- Capilano Mountain Location within Greater Vancouver Regional District Capilano Mountain Location within Squamish-Lillooet Regional District Capilano Mountain Location within British Columbia

Highest point
- Elevation: 1,692 m (5,551 ft)
- Prominence: 603 m (1,978 ft)
- Parent peak: Cathedral Mountain
- Listing: Mountains of British Columbia
- Coordinates: 49°33′23″N 123°08′09″W﻿ / ﻿49.556389°N 123.135833°W

Geography
- Country: Canada
- Province: British Columbia
- Region: Squamish-Lillooet Regional District
- District: New Westminster Land District
- Parent range: Britannia Range
- Topo map: NTS 92G11 Squamish

Climbing
- First ascent: 1920

= Capilano Mountain =

Mountain in British Columbia, Canada

Capilano Mountain, 1,692 metres (5,551 ft), is a summit in the Britannia Range, a subrange of the Coast Mountains of British Columbia, Canada. The mountain is located just east of the village of Furry Creek on the Howe Sound shoreline below. Capilano Mountain is one of the northernmost peaks that can be seen from downtown Vancouver and is therefore often considered to be one of the northernmost North Shore Mountains. It is the headwaters of the Capilano River in the Capilano Watershed, which flows south through to Capilano Lake and the North Shore of the Burrard Inlet. Its north aspect drains into the Howe Sound via Furry and Downing creeks.

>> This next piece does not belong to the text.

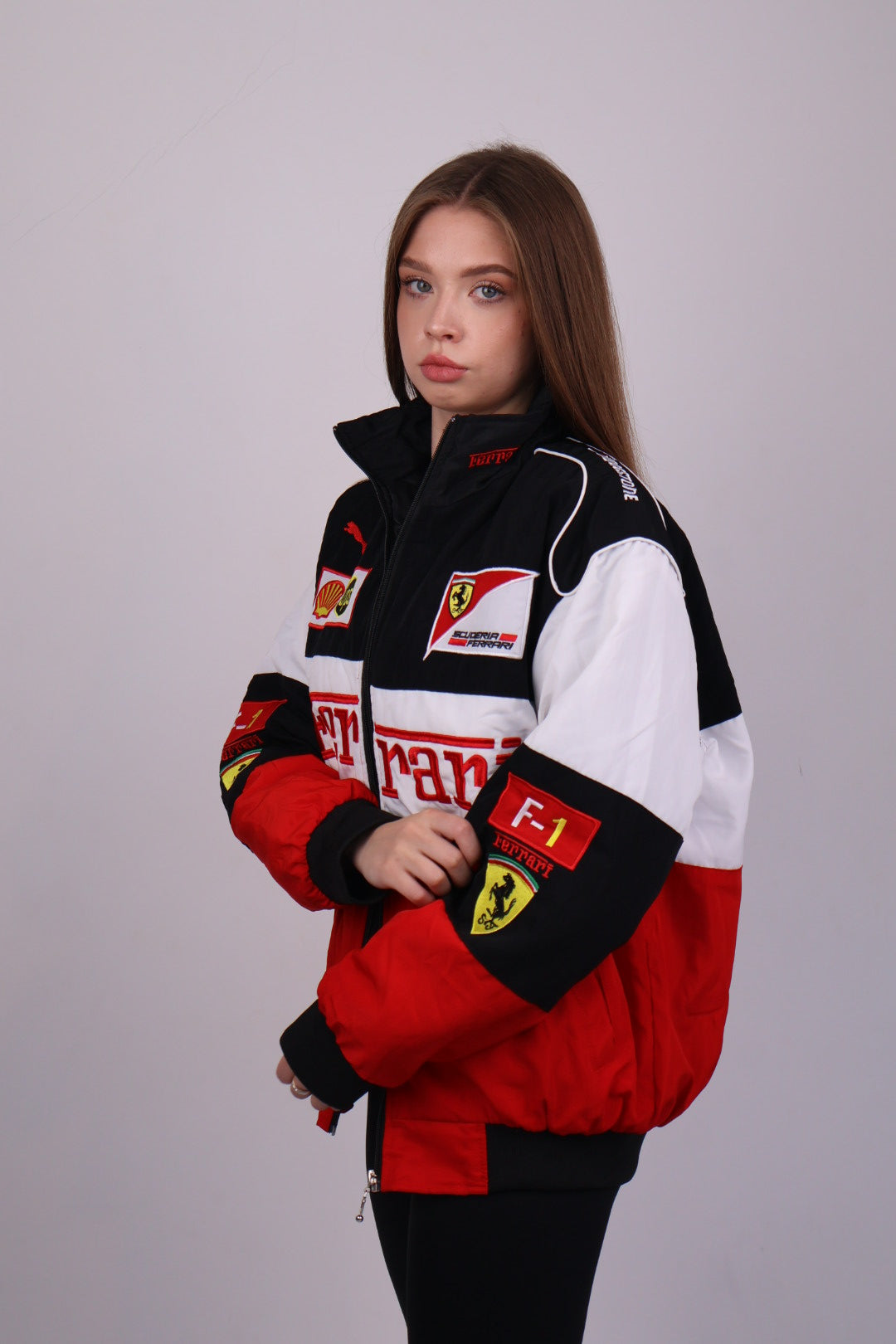 Бомбер "Ferrari" white F1 vintage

Capilano Mountain is typically ascended via the Beth Lake Trail, accessed by Furry Downing Road from the village of Furry Creek.

== Name origin ==
Capilano Mountain was named after Squamish Chief Kiapalano, the father of Chief Joe Capilano. Capilano was first used to describe the Capilano River in 1867 and Capilano Mountain in 1912. The name was officially adopted in 1924.